- [Problem to work on]
Below are some records. Write out exactly their lines from the one with "Stylish bathroom featuring" through the one with "Udrive and AGMC", and leave the pictures behind.

Start of Material shown

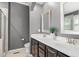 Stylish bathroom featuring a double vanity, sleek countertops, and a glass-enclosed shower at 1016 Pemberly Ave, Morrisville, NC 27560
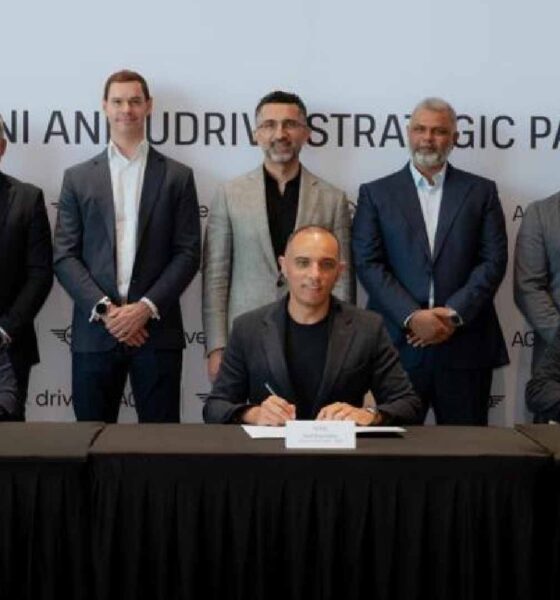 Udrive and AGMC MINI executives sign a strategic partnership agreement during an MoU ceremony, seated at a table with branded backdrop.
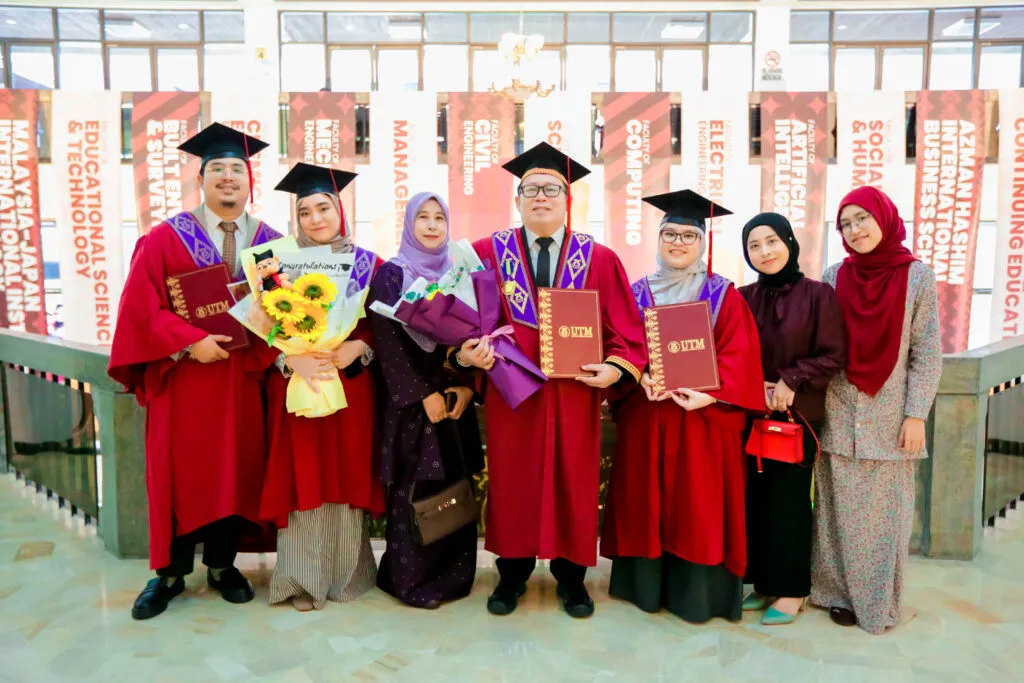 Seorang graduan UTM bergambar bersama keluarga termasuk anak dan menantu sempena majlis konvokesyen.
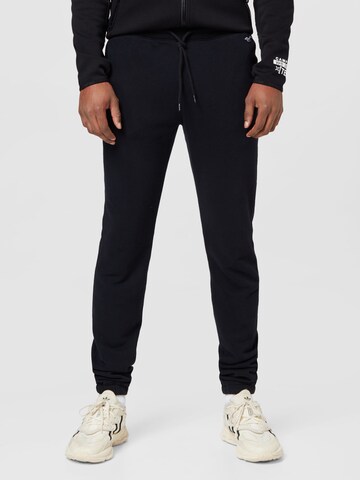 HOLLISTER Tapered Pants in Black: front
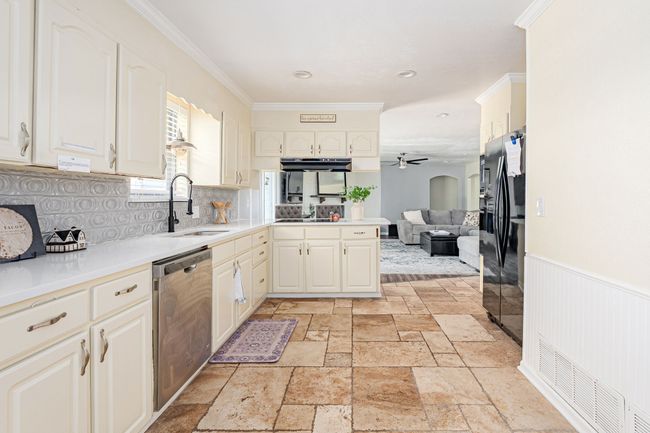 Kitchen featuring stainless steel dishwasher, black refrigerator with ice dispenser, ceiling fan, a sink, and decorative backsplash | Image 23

End of Material shown
Start of Material shown

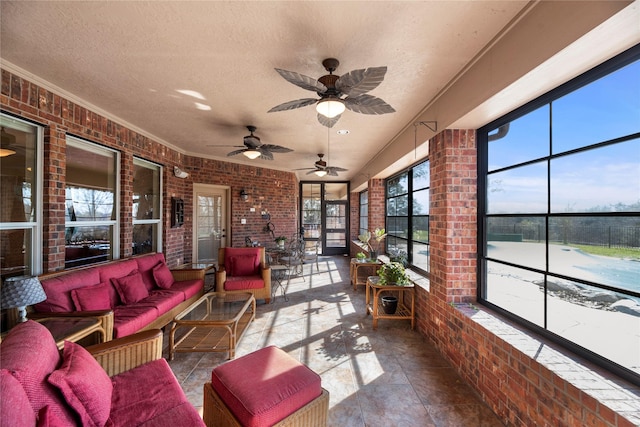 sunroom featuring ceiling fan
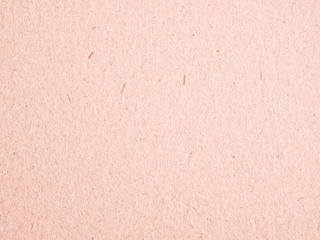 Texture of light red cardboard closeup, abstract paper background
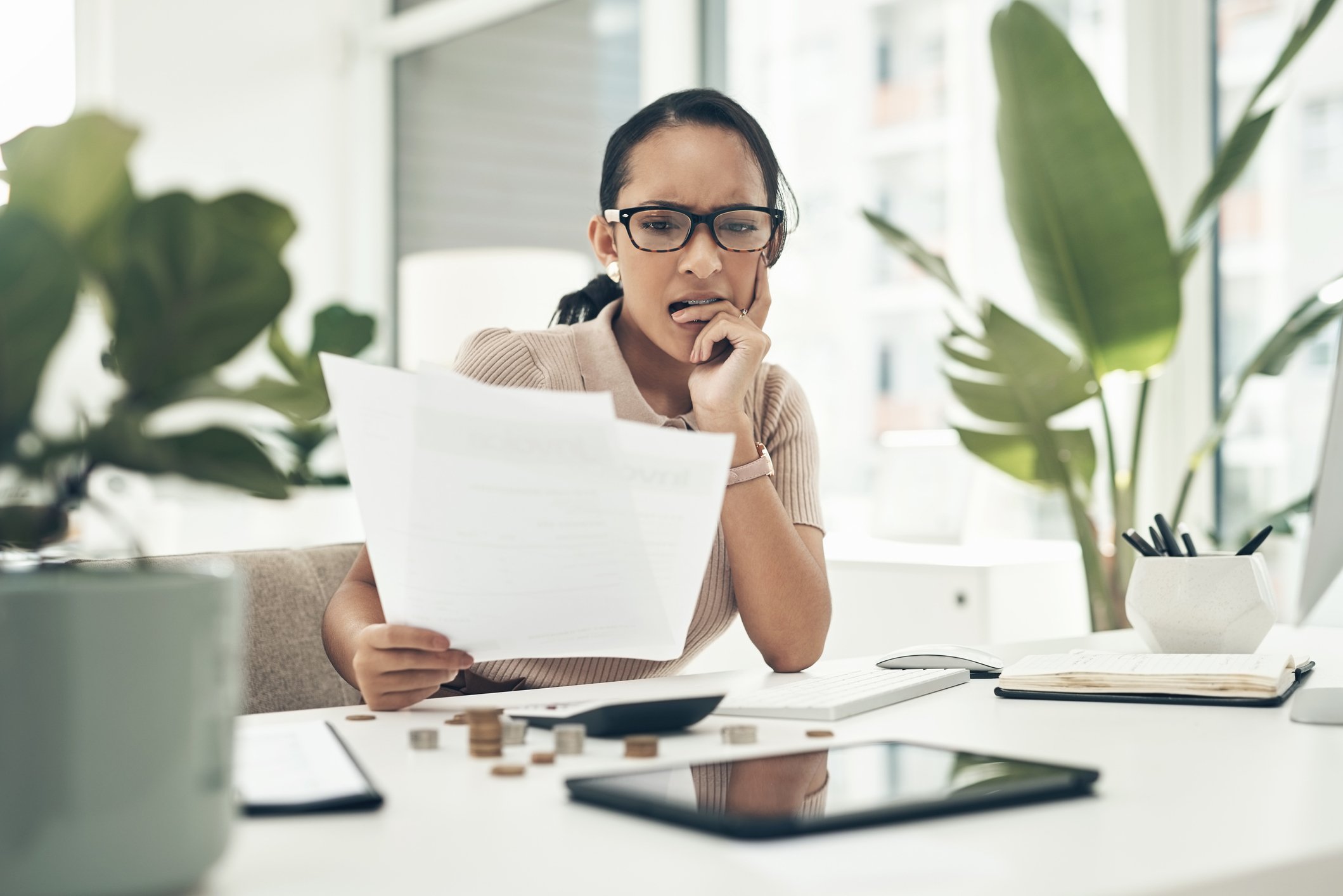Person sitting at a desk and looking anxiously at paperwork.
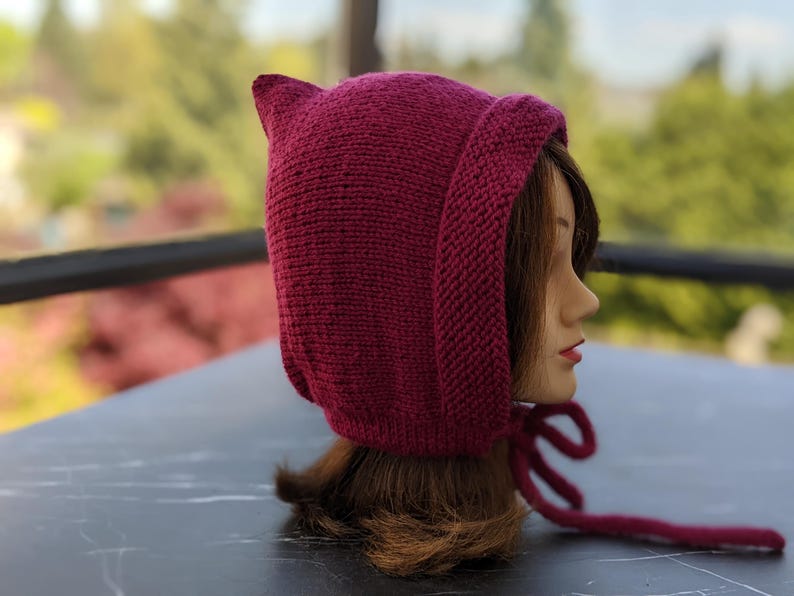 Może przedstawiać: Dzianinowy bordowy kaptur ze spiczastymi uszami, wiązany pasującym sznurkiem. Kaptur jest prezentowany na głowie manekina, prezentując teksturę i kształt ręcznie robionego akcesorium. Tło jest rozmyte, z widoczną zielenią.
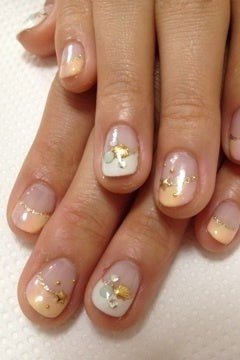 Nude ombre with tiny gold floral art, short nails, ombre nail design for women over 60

End of Material shown

- [Solution below]
 Stylish bathroom featuring a double vanity, sleek countertops, and a glass-enclosed shower at 1016 Pemberly Ave, Morrisville, NC 27560
 Udrive and AGMC MINI executives sign a strategic partnership agreement during an MoU ceremony, seated at a table with branded backdrop.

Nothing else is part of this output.